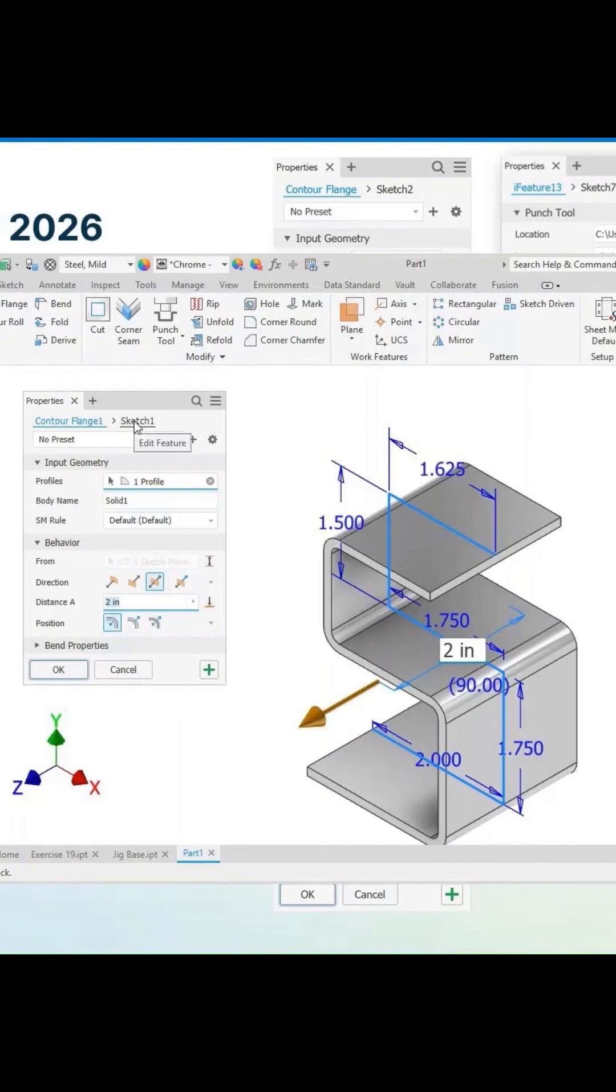So again, added for the contour flange, for the corner round, and for the punch tool there as well. There we can also go back to the sketch.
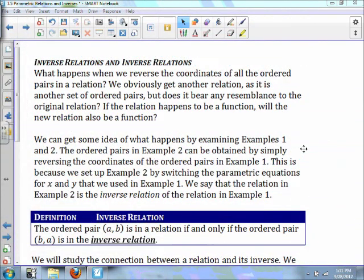In this video we're going to talk about inverse relations and inverse functions. What happens when we reverse the coordinates of all the ordered pairs in a relation? We obviously get another relation — another set of ordered pairs. But does it bear any resemblance to the original relation? If the relation happens to be a function, will the new relation also be a function? When we're talking about relations, it's a set of ordered pairs that's not always going to be a function.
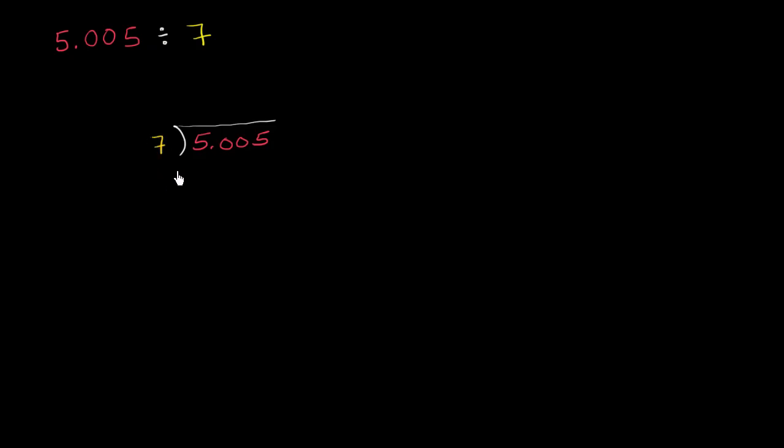Other than that, you're really treating it like a traditional long division problem. You want to put the decimal to the right of the ones place, right over there. I just put the decimal right above the decimal. Now we would treat it just like a traditional long division problem.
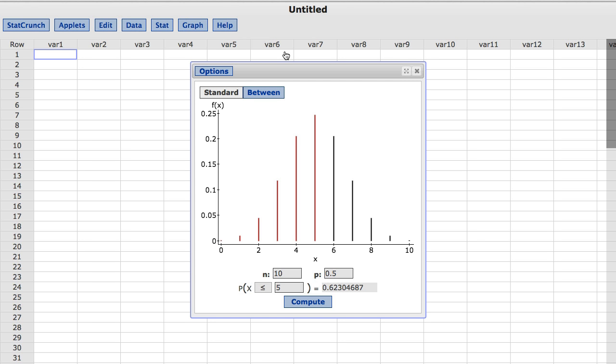The second row of inputs is used to define the probability of interest associated with the distribution. By default, the binomial calculator shows the probability of 5 or fewer successes in red and indicates the probability of this event to be approximately 0.62.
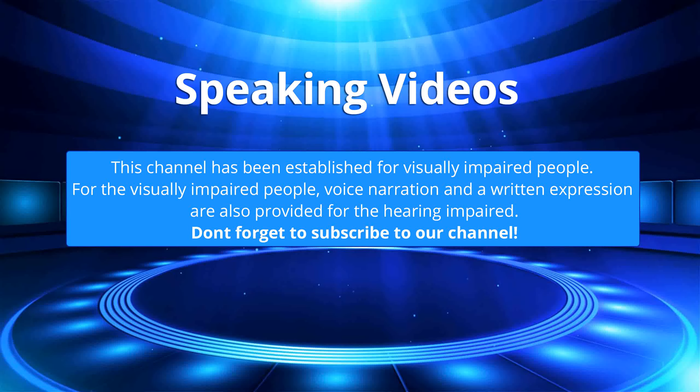This channel has been established for visually impaired people. For the visually impaired people, voice narration and written expression are also provided for the hearing impaired. Don't forget to subscribe to our channel.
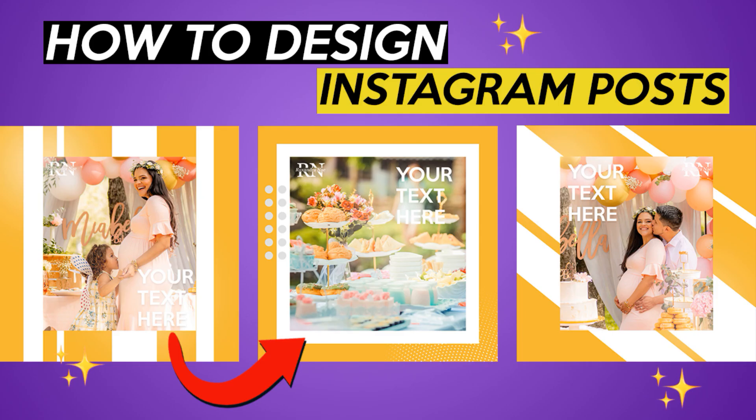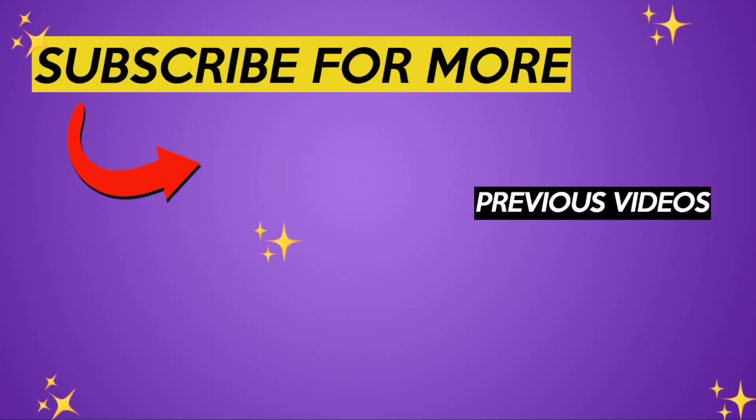Next week, you will learn how to design these three Instagram posts. Subscribe so you won't miss it. Have a nice day!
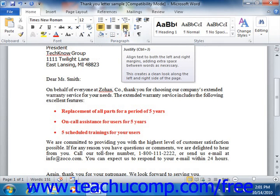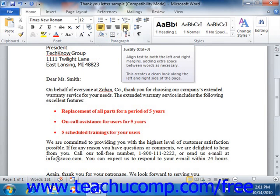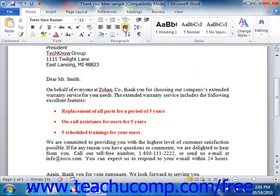Alignment is like other formatting techniques in that you may also set it prior to writing the text, or you can apply it after your text is written. So you can either click the button to set your alignment and then type the text, or you can type the text, select it or click into it, and then press the button corresponding to the alignment that you want to apply to your text.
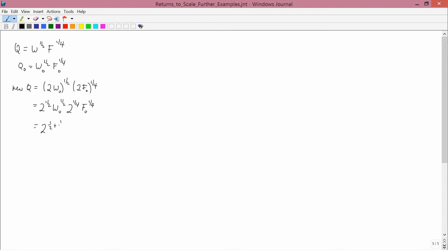That gives us 2 to the one-half plus one-quarter, w-naught to the one-half, f-naught to the one-quarter. So we have 2 to the three-quarters, and w-naught to the one-half times f-naught to the one-quarter is just the old quantity. Now, 2 to the three-quarters is less than 2 to the first, so output has less than doubled, and therefore you have decreasing returns to scale.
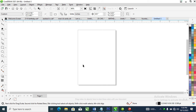Hi, what's good everybody? In today's video we are going to be looking at how to design a poster — a 20-year anniversary poster in CorelDRAW 2021. So without further ado, let's step into it.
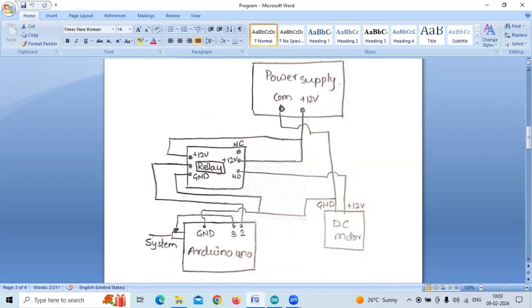The input to the relay is given from pin number two of Arduino. Pin number two is given to the input of relay.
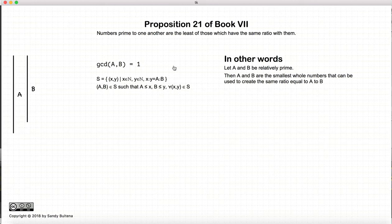So again, this proposition states that if a and b are relatively prime, then a and b are the two smallest numbers used to represent the ratio a to b.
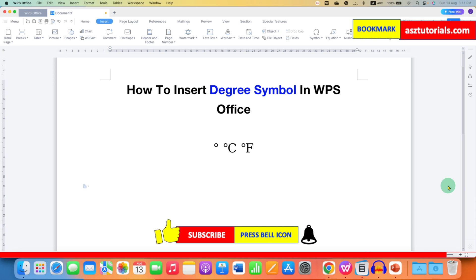And don't forget to check out these useful videos related to WPS Office. See you again in the next one.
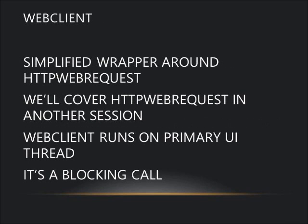Web Client is a wrapper meant to simplify using HTTP web request. We'll cover HTTP web requests in more detail in another session. Web Client will call out to a URI and pull the results back as a string. Web Client does run on the primary UI thread and is a blocking call, so watch out.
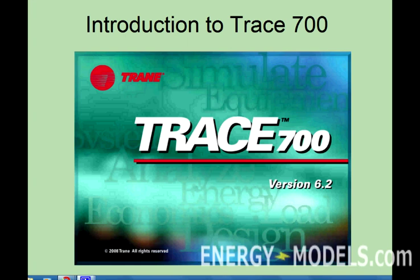Welcome to EnergyModels.com. In this introductory lesson, we discuss the general principles of modeling in TRACE-700.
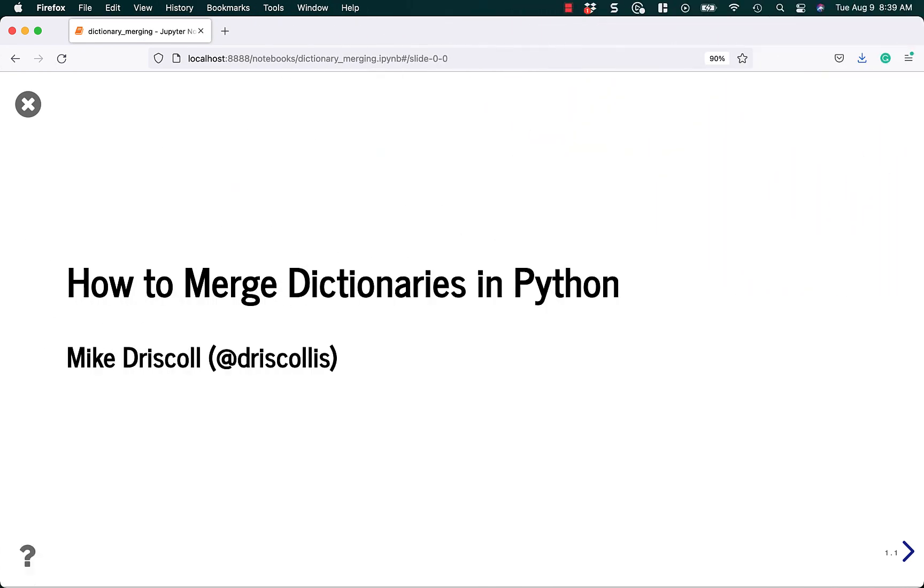Hello, my name is Mike Driscoll, and today I'm going to teach you how to merge dictionaries in Python.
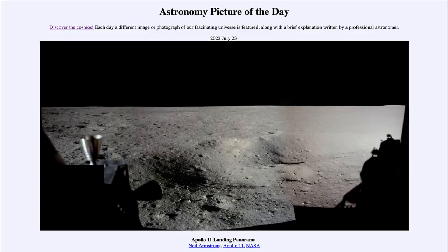Greetings and welcome to the introduction to astronomy. One of the things that I like to do in each of my introductory astronomy classes is to begin with the astronomy picture of the day from the NASA website — that is apod.nasa.gov/apod — and today's picture for July 23rd of 2022 is titled Apollo 11 Landing Panorama.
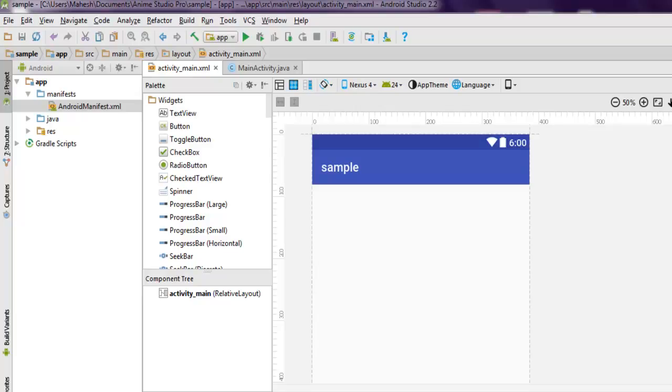Hi there, in this video I'm going to show you how to enable and disable Wi-Fi in your Android app. We're going to create one empty activity Android app and take a look at activity_main.xml.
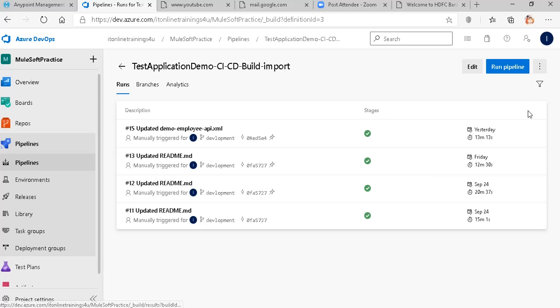Hello, welcome to Cloud Technologies. This is part 4 of the CI/CD process for MuleSoft application using Azure DevOps.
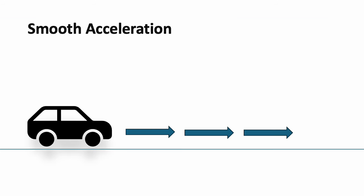Once the car starts moving, progressively press the accelerator to increase the speed smoothly. Jerky or rapid acceleration can put unnecessary stress on the engine and transmission.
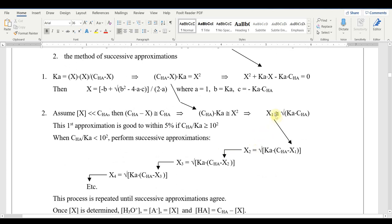After the first approximation gives a value for hydrogen ion concentration, we subtract that from the initial concentration and repeat — taking the square root of Ka times the revised CHA to get a second approximation, which should be closer than the first. We keep subtracting the previous hydrogen ion approximation and repeating until the hydrogen ion concentration steadies out. On a calculator or on paper this is tedious, but in Excel it's really a simple operation.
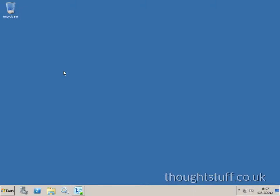Hi, this is Tom Morgan from thoughtstuff.co.uk. In this short video, I'm going to walk through the process of creating a new UCMA application and application endpoint, which you'll need if you want to start writing UCMA applications. This walkthrough assumes you have a configured application server and application pool already set up.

YOUR TASK:
Copy out nothing but the lines from the beginning of the records through the one that contains "Alignment is like". Skip the pictures.

ANSWER:
So again, added for the contour flange, for the corner round, and for the punch tool there as well. There we can also go back to the sketch.
In this video we're going to talk about inverse relations and inverse functions. What happens when we reverse the coordinates of all the ordered pairs in a relation? We obviously get another relation — another set of ordered pairs. But does it bear any resemblance to the original relation? If the relation happens to be a function, will the new relation also be a function? When we're talking about relations, it's a set of ordered pairs that's not always going to be a function.
Other than that, you're really treating it like a traditional long division problem. You want to put the decimal to the right of the ones place, right over there. I just put the decimal right above the decimal. Now we would treat it just like a traditional long division problem.
The second row of inputs is used to define the probability of interest associated with the distribution. By default, the binomial calculator shows the probability of 5 or fewer successes in red and indicates the probability of this event to be approximately 0.62.
This channel has been established for visually impaired people. For the visually impaired people, voice narration and written expression are also provided for the hearing impaired. Don't forget to subscribe to our channel.
Next week, you will learn how to design these three Instagram posts. Subscribe so you won't miss it. Have a nice day!
Alignment is like other formatting techniques in that you may also set it prior to writing the text, or you can apply it after your text is written. So you can either click the button to set your alignment and then type the text, or you can type the text, select it or click into it, and then press the button corresponding to the alignment that you want to apply to your text.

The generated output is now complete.